An exact reproduction of the data below is expected, free of images.

[DATA SHOWN — start]

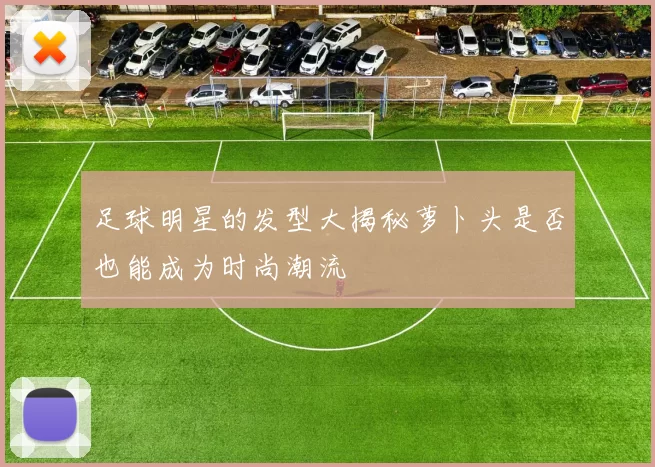 足球明星的发型大揭秘萝卜头是否也能成为时尚潮流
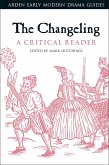 The Changeling: A Critical Reader (eBook, PDF)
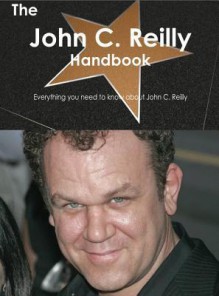 The John C. Reilly Handbook - Everything You Need to Know about John C. Reilly - Emily Smith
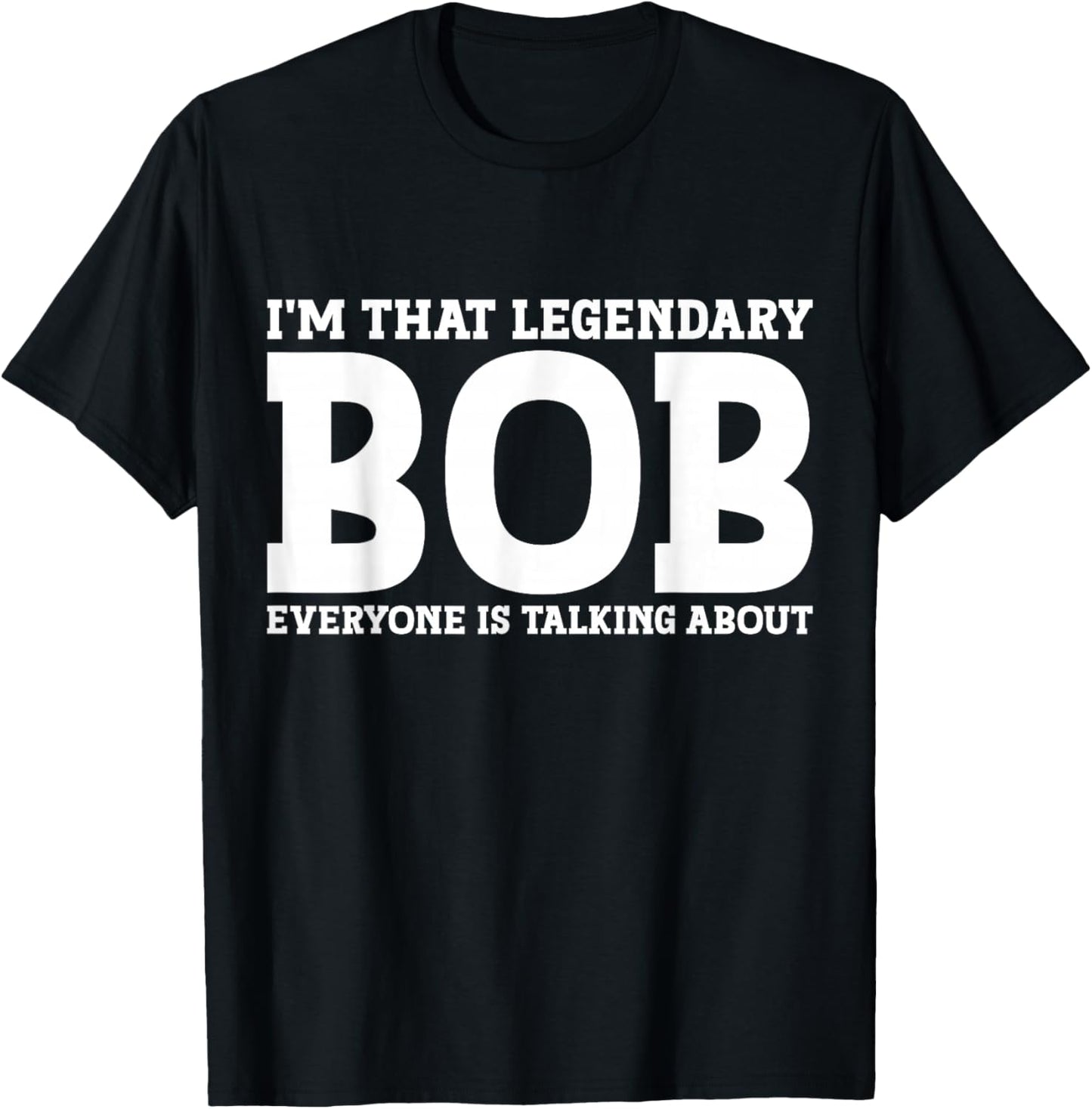 Bob Personal Name First Name Funny Bob T-Shirt - T-Shirt | Black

[DATA SHOWN — finish]

(EXERCISE SOLUTION):
 足球明星的发型大揭秘萝卜头是否也能成为时尚潮流
 The Changeling: A Critical Reader (eBook, PDF)
 The John C. Reilly Handbook - Everything You Need to Know about John C. Reilly - Emily Smith
 Bob Personal Name First Name Funny Bob T-Shirt - T-Shirt | Black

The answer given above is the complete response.